In [1]:
%matplotlib inline
In [2]:
import os
import sys
# Modify the path
sys.path.append("..")
import yellowbrick as yb
In [3]:
texts = {
'nursery_rhyme' : '''Baa, baa, black sheep,
Have you any wool?
Yes, sir, yes, sir,
Three bags full;
One for the master,
And one for the dame,
And one for the little boy
Who lives down the lane.''',
'algebra' : '''Algebra (from Arabic "al-jabr" meaning
"reunion of broken parts") is one of the
broad parts of mathematics, together with
number theory, geometry and analysis. In
its most general form, algebra is the study
of mathematical symbols and the rules for
manipulating these symbols; it is a unifying
thread of almost all of mathematics.''',
'french_silk' : '''In a small saucepan, combine sugar and eggs
until well blended. Cook over low heat, stirring
constantly, until mixture reaches 160° and coats
the back of a metal spoon. Remove from the heat.

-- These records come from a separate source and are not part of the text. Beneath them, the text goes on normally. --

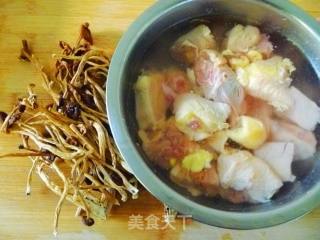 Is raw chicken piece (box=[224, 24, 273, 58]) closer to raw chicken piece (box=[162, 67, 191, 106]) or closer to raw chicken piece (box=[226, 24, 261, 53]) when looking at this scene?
raw chicken piece (box=[226, 24, 261, 53])

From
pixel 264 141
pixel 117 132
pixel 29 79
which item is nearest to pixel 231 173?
pixel 264 141

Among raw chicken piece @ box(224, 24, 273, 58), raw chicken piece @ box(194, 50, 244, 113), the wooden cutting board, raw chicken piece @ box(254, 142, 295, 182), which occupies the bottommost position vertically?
the wooden cutting board

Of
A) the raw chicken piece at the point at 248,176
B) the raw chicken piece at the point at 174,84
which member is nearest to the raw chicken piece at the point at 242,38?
the raw chicken piece at the point at 174,84

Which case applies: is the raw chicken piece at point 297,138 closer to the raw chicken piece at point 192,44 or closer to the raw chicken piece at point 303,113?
the raw chicken piece at point 303,113

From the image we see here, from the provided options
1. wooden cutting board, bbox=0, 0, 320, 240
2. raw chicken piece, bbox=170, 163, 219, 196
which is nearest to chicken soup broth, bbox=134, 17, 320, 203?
raw chicken piece, bbox=170, 163, 219, 196

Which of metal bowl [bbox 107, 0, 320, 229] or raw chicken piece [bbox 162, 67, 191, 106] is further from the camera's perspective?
raw chicken piece [bbox 162, 67, 191, 106]

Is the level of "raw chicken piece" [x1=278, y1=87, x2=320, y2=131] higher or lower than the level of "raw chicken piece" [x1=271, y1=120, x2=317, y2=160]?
higher

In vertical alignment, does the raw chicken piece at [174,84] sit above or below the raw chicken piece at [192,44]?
below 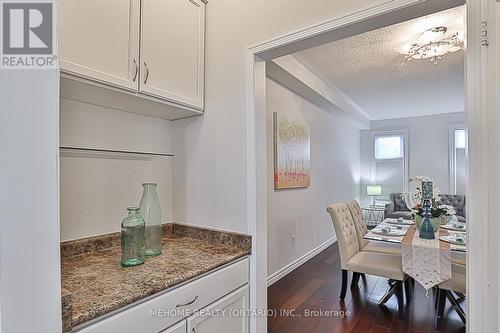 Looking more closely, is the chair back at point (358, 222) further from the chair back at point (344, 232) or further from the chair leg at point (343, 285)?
the chair leg at point (343, 285)

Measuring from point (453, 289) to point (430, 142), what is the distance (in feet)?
15.6

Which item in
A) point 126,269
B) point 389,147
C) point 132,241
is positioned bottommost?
point 126,269

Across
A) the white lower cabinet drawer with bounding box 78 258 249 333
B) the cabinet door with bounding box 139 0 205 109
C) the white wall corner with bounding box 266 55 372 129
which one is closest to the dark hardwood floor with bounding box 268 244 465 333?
the white lower cabinet drawer with bounding box 78 258 249 333

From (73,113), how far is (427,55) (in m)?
3.28

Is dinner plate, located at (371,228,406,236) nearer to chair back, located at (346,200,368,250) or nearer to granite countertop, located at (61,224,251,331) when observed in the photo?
chair back, located at (346,200,368,250)

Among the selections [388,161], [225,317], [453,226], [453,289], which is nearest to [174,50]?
[225,317]

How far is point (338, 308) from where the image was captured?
2508 millimetres

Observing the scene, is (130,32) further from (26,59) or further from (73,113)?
(26,59)

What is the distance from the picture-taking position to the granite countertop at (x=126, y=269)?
37.3 inches

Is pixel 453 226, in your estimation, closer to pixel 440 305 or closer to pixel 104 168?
pixel 440 305

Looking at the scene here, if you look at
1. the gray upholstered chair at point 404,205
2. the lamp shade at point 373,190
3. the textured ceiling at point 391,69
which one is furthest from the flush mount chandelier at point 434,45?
the lamp shade at point 373,190

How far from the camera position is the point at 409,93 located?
4422 millimetres

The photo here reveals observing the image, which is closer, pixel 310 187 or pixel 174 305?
pixel 174 305

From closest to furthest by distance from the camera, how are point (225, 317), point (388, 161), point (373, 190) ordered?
point (225, 317) < point (373, 190) < point (388, 161) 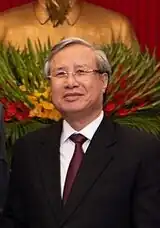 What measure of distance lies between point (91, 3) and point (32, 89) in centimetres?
131

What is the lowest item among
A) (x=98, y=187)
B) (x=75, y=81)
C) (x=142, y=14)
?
(x=142, y=14)

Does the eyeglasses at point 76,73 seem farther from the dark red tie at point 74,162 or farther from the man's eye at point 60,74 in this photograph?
the dark red tie at point 74,162

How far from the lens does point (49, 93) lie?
1992mm

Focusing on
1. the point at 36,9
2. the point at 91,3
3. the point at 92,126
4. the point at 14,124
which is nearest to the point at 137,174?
the point at 92,126

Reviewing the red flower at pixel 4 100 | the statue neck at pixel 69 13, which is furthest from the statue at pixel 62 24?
the red flower at pixel 4 100

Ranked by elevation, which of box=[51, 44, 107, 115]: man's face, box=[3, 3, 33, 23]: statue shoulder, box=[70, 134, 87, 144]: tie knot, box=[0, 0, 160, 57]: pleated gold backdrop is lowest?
box=[0, 0, 160, 57]: pleated gold backdrop

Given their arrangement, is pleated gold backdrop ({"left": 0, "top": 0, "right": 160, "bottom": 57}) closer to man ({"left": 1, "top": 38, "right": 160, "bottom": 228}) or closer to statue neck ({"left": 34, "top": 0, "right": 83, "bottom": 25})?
statue neck ({"left": 34, "top": 0, "right": 83, "bottom": 25})

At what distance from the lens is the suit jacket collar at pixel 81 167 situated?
1426 mm

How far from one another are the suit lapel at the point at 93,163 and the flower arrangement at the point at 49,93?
49cm

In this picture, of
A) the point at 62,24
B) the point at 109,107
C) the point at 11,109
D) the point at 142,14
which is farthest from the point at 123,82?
the point at 142,14

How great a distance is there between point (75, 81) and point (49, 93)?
54 cm

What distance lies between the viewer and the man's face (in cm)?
146

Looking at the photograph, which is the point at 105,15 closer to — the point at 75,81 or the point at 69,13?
the point at 69,13

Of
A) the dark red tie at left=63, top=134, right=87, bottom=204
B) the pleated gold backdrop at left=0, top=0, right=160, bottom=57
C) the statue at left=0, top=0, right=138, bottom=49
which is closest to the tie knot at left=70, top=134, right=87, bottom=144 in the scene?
the dark red tie at left=63, top=134, right=87, bottom=204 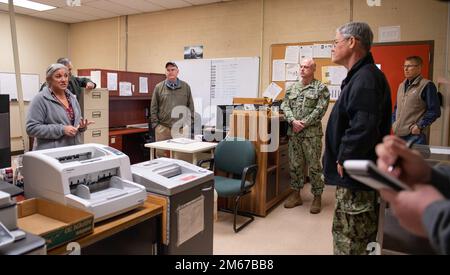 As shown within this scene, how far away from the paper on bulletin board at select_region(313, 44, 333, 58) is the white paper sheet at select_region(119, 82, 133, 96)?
9.09 ft

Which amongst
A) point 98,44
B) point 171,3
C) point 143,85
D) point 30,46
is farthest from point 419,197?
point 30,46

Stir in chocolate and vanilla until smooth. Cool
to lukewarm (90°), stirring occasionally. In a small
bowl, cream butter until light and fluffy. Add cooled
chocolate mixture; beat on high speed for 5 minutes
or until light and fluffy. In another large bowl,
beat cream until it begins to thicken. Add
confectioners' sugar; beat until stiff peaks form.
Fold into chocolate mixture. Pour into crust. Chill
for at least 6 hours before serving. Garnish with
whipped cream and chocolate curls if desired. '''
}
In [4]:
##########################################################################
# Imports
##########################################################################
from yellowbrick.text.base import TextVisualizer
##########################################################################
# PosTagVisualizer
##########################################################################
class PosTagVisualizer(TextVisualizer):
"""
A part-of-speech tag visualizer colorizes text to enable
the user to visualize the proportions of nouns, verbs, etc.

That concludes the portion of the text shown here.